◆ What is required
Repeat every entry word for word. Images do not belong in the copy.

◆ Exercise input
════════
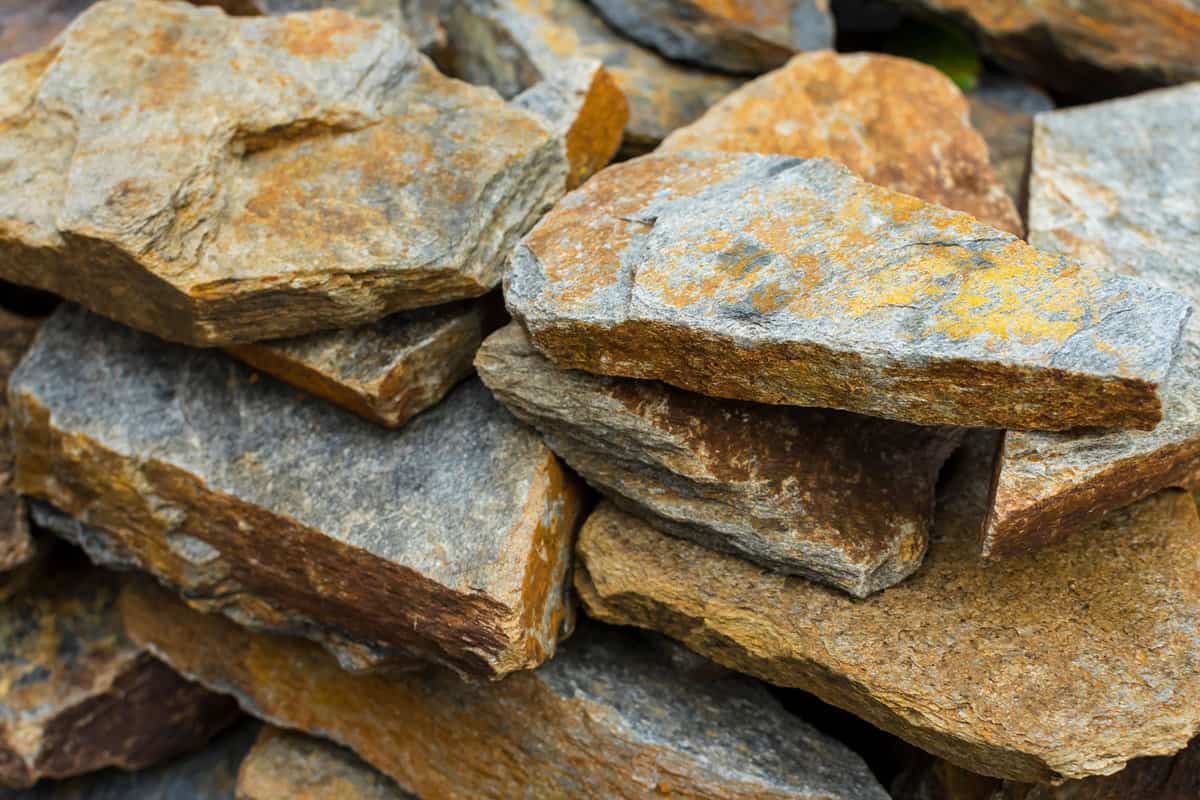 Rustic Grey and brown slate landscaping rocks for sale at a garden store or construction supply. 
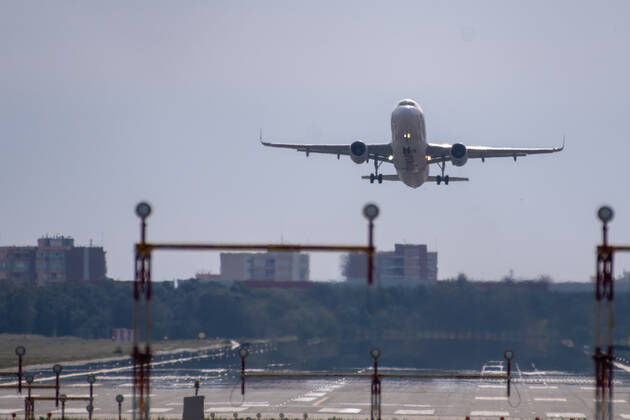 20210401 Tourists arrive at Palma de Mallorca Airport PALMA, SPAIN - APRIL 1 2021 : Germanwings Airplane at - Tourists arrive at Palma de Mallorca Airport on April 1, 2021 in Palma, .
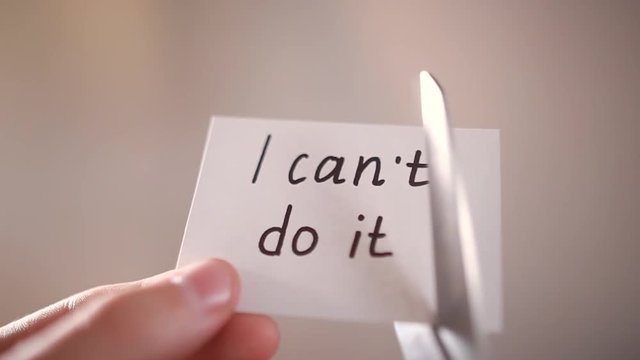 Man using scissors to remove the word can't to read I can do it concept for self belief, positive attitude and motivation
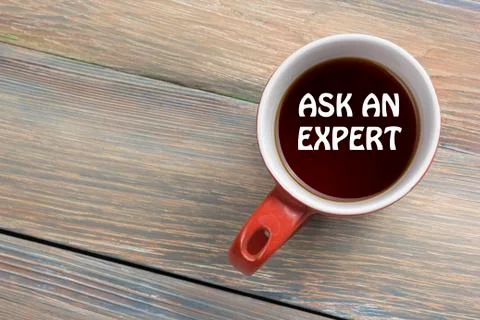 Ask an expert. Coffee cup with message. Office desk table top view Photos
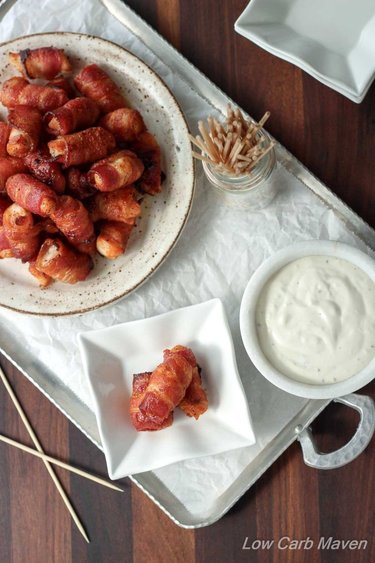 A plate of chicken wrapped in bacon served with chipotle mayonnaise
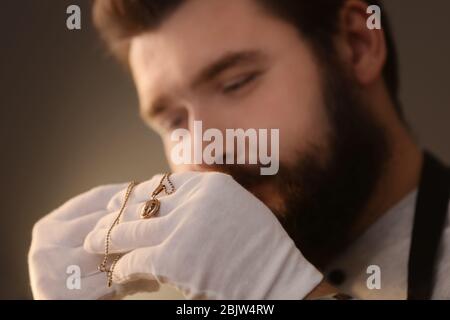 Jeweler working in workshop, closeup Stock Photo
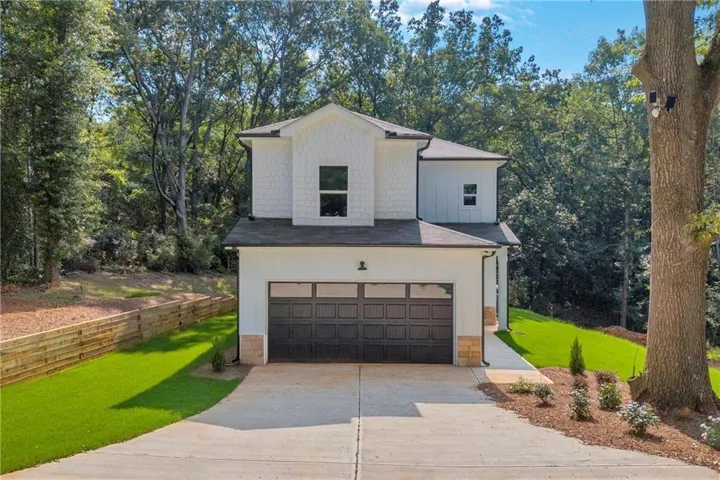 Modern two-story exterior with white siding and dark trim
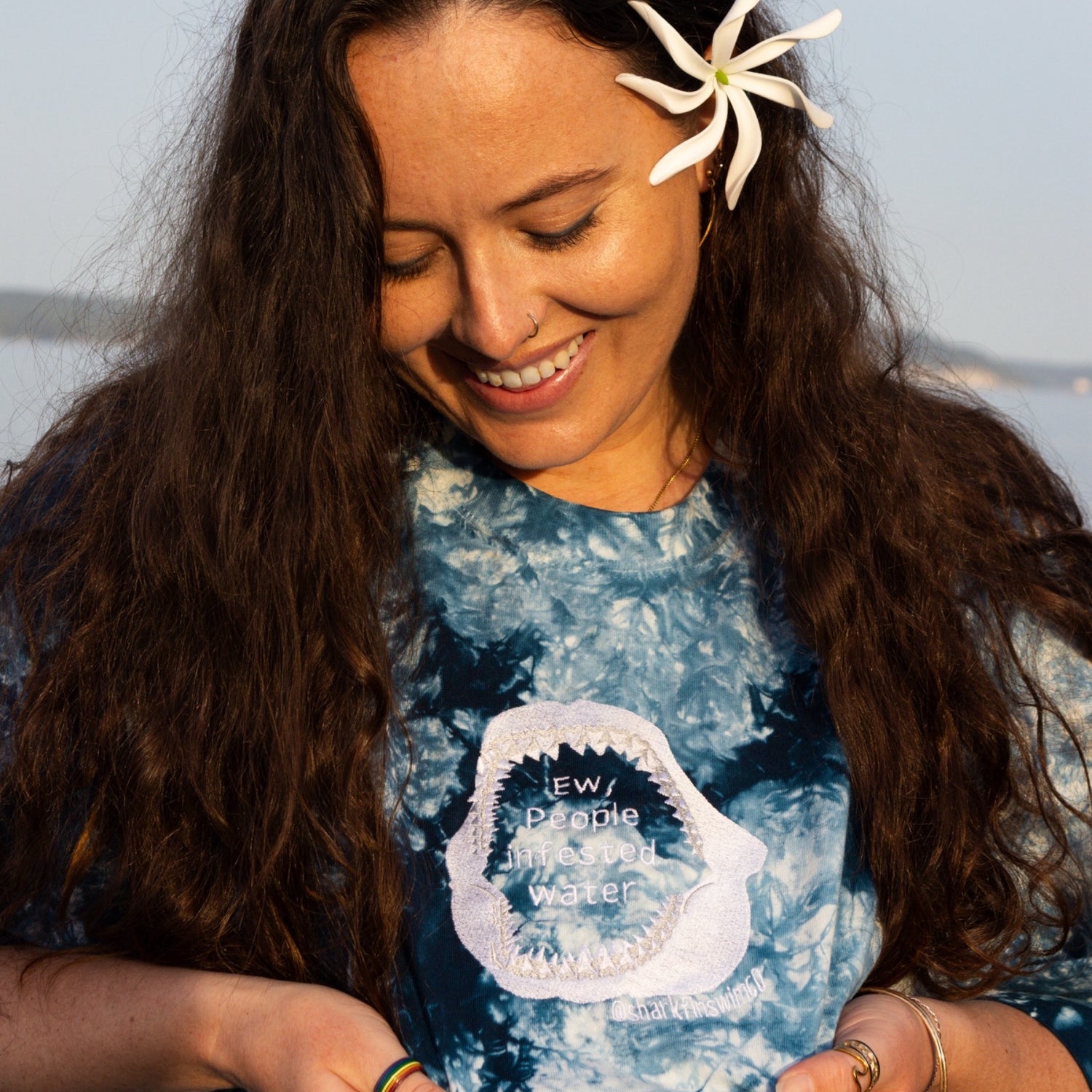 Blue and white tie dye cotton t shirt with white embroidered ew people infested water inside of a shark jaw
════════
◆ Solution to this exercise
 Rustic Grey and brown slate landscaping rocks for sale at a garden store or construction supply. 
 20210401 Tourists arrive at Palma de Mallorca Airport PALMA, SPAIN - APRIL 1 2021 : Germanwings Airplane at - Tourists arrive at Palma de Mallorca Airport on April 1, 2021 in Palma, .
 Man using scissors to remove the word can't to read I can do it concept for self belief, positive attitude and motivation
 Ask an expert. Coffee cup with message. Office desk table top view Photos
 A plate of chicken wrapped in bacon served with chipotle mayonnaise
 Jeweler working in workshop, closeup Stock Photo
 Modern two-story exterior with white siding and dark trim
 Blue and white tie dye cotton t shirt with white embroidered ew people infested water inside of a shark jaw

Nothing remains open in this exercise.